The committee issues this formal opinion sua sponte to clarify practitioners’ ethical obligations under ER 1.5(e) and to confirm that conflicts of interest will be imputed when the “of counsel” relationship is close, personal, continuous, and regular such that the “of counsel” lawyer is considered a member of the same firm.
QUESTIONS PRESENTED
APPLICABLE ARIZONA RULES OF PROFESSIONAL CONDUCT[1]
ER 1.0. Terminology
(c) “Firm” or “law firm” denotes a lawyer or lawyers in a law partnership, professional corporation, sole proprietorship or other association; or lawyers employed in a legal services organization or the legal department of a corporation or other organization. Whether government lawyers should be treated as a firm depends on the particular Rule involved and the specific facts of the situation.
ER 1.5. Fees
(e) A division of a fee between lawyers who are not in the same firm may be made only if:
(1) the division is in proportion to the services performed by each lawyer or each lawyer receiving any portion of the fee assumes joint responsibility for the representation;
(2) the client agrees, in a writing signed by the client, to the participation of all the lawyers involved and the division of the fees and responsibilities between the lawyers; and
(3) the total fee is reasonable.
ER 1.10. Imputation of Conflicts of Interest: General Rule
(a) While lawyers are associated in a firm, none of them shall knowingly represent a client when any one of them practicing alone would be prohibited from doing so by ERs 1.7 or 1.9, unless the prohibition is based on a personal interest of the prohibited lawyer and does not present a significant risk of materially limiting the representation of the client by the remaining lawyers in the firm.

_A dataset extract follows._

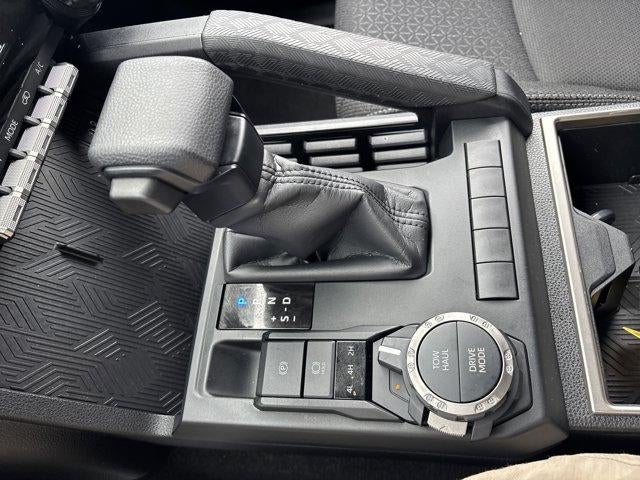 2025 Toyota 4Runner SR5 4WD (GS)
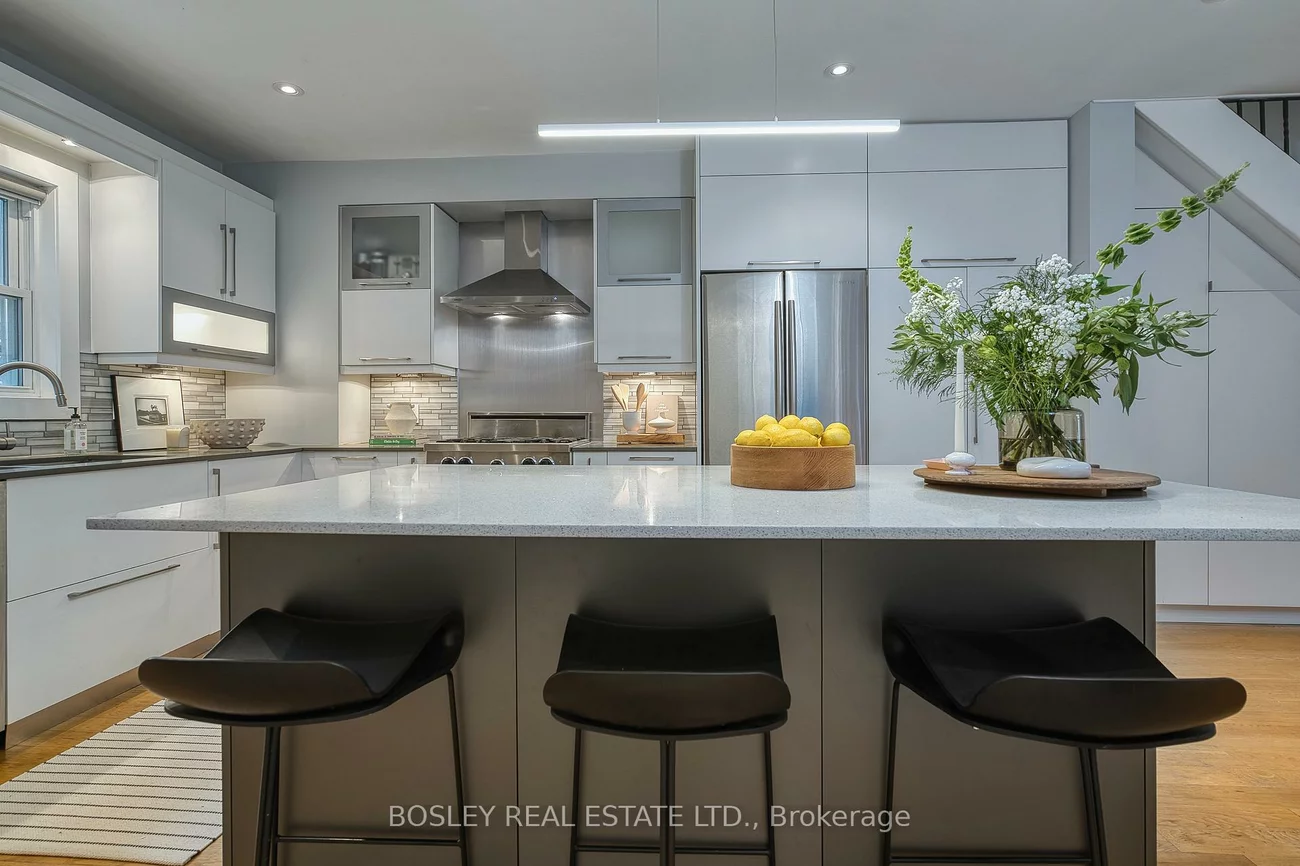 38, Halton, Trinity-Bellwoods, Toronto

ER 1.11. Special Conflicts of Interest for Former and Current Government Officers and Employees
(a) Except as law may otherwise expressly permit, a lawyer shall not represent a private client in connection with a matter in which the lawyer participated personally and substantially as a public officer or employee, unless the appropriate government agency gives its informed consent, confirmed in writing, to the representation. No lawyer in a firm with which that lawyer is associated may knowingly undertake or continue representation in such a matter unless:
(1) the disqualified lawyer is screened from any participation in the matter and is apportioned no part of the fee therefrom; and
(2) written notice is promptly given to the appropriate government agency to enable it to ascertain compliance with the provisions of this Rule, including a description of the particular screening procedures adopted; when they were adopted; a statement by the personally disqualified lawyer and the new firm that the agency’s material confidential information has not been disclosed or used in violation of the Rules; and an agreement by the new firm to respond promptly to any written inquiries or objections by the agency about the screening procedure; and
(3) the personally disqualified lawyer and the new firm reasonably believe that the steps taken to accomplish the screening of material confidential information will be effective in preventing such information from being disclosed to the new firm and its client.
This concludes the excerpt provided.